How much money did the foundation -- meaning the big Waldorf dinner -- donate to the Cleveland museum in 2001?
Not a penny, although in the filing they claim to have "promised" $500,000 to the museum if it expands. But in 2001, no money went from the foundation -- which claims assets of over $10 million -- to the museum. (The foundation's securities filing is so thick it now constitutes a separate stapled package.)
Additionally, the foundation didn't do much for indigent musicians.
While Evans took home the $175,000, she only sent $3,051 in assistance to specific musicians. Even this makes for a contradiction in the foundation's tax filing, since elsewhere in the same paperwork it claims to have given $18,674 to "provide financial assistance to individuals who have been or continue to be involved in the rock and roll music industry."
The foundation also lists $123,624 to "preserve and protect historical documents, records, and artifacts related to the rock and roll music industry."
But isn't that what the Cleveland museum is supposed to do? So what was the $123,624 spent on? And to whom did that $18,674 go, as well as the other $3,051?
This year's filing was signed by Evans and entertainment attorney Allen Grubman, the group's treasurer.
This year Evans has come up with a list of potential inductees that includes the Clash, Elvis Costello and the Sex Pistols -- all groups that considered themselves punk rebels in their day. It will be interesting to see if, knowing the reality of the Hall of Fame, the bands' original members will want to join the establishment.
More importantly, it seems from a look at the Cleveland museum's event schedule that it is now busy including appearances by groups and acts who have been ignored by the Hall of Fame Foundation, most specifically R&B groups such as the Manhattans and the Dells .
The Cleveland museum even has a Latino day program, even though Evans steadfastly refuses to induct Richie Valens, creator of "La Bamba."
Here's a list of other acts not in the Hall of Fame, presumably because they aren't hip enough: Bob Seger, Alice Cooper, Mitch Ryder, Iggy Pop with and without the Stooges, the MC5, Jack Scott, Cat Stevens, Carly Simon, Black Sabbath, the Guess Who, Blue Öyster Cult, Electric Light Orchestra, Yes, Chicago, the Moody Blues, Jackson Browne, Paul Revere and the Raiders, Three Dog Night, Leon Russell, Randy Newman, Gram Parsons, Genesis, Lynyrd Skynyrd, Jethro Tull, Hall & Oates, and Linda Ronstadt.
No one had ever seen anything quite like it.
"Only when the hostages came to a show after they were released from Iran," recalled Bebe Neuwirth.
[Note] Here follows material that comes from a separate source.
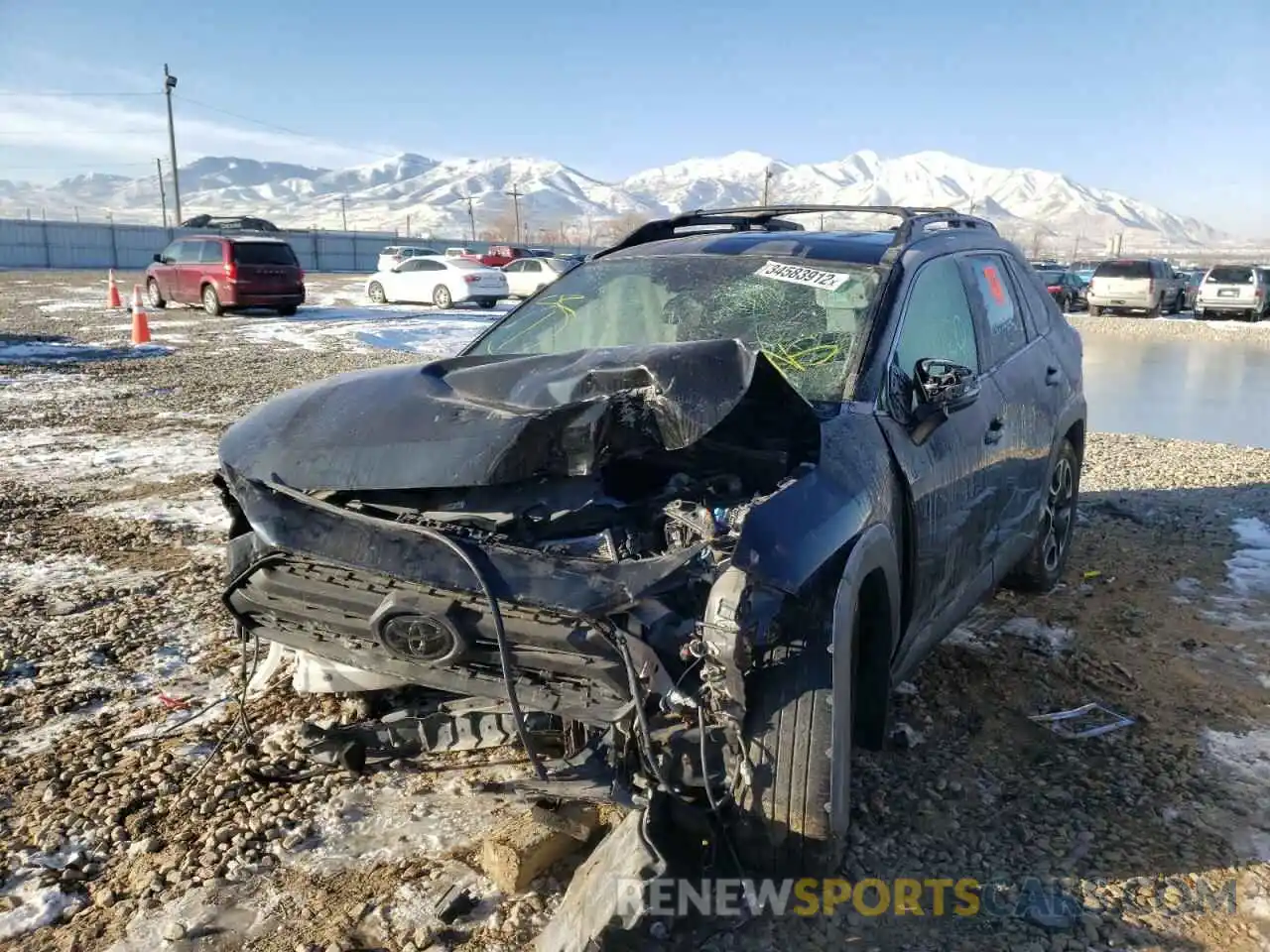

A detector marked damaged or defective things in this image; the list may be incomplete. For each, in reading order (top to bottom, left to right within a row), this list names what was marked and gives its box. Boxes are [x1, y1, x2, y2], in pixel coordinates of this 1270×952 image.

shattered windshield [468, 253, 881, 401]
crushed hood [219, 339, 818, 492]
Tommy Tune said he'd never seen it either.
Right before "Movin' Out" started last night, Billy Joel came in to take his seats with daughter Alexa.
And the crowd -- which included Rod Stewart, Rosie O'Donnell, Clive Davis, Denise Rich and producer Phil Ramone -- burst into a spontaneous three-minute standing ovation. Billy looked shocked. There was cheering in the Richard Rodgers Theater. And this was before the show even started.
By the time it was over, newcomer Michael Cavanaugh -- whom Billy found at the New York New York piano bar in Las Vegas -- was an overnight sensation, and Joel had a Broadway hit on his hands.
Inside the theater during the show, the preternaturally young Tommy Tune literally swooned and gasped at Twyla Tharp's muscular dance numbers and hoofers including the phenomenal Elizabeth Parkinson, John Selya and Keith Roberts.
"Wait, look at this," he kept saying to his companion. Later he told me he'd visited the show in Chicago during tryouts, but he seemed awfully well-versed in all the numbers.
Rod Stewart and girlfriend Penny Lancaster did not make the afterparty, although everyone else did. Seems Rod and Penny got confused about the half-block walk to the Marriott Marquis, and are now somewhere in Manhattan in a limo.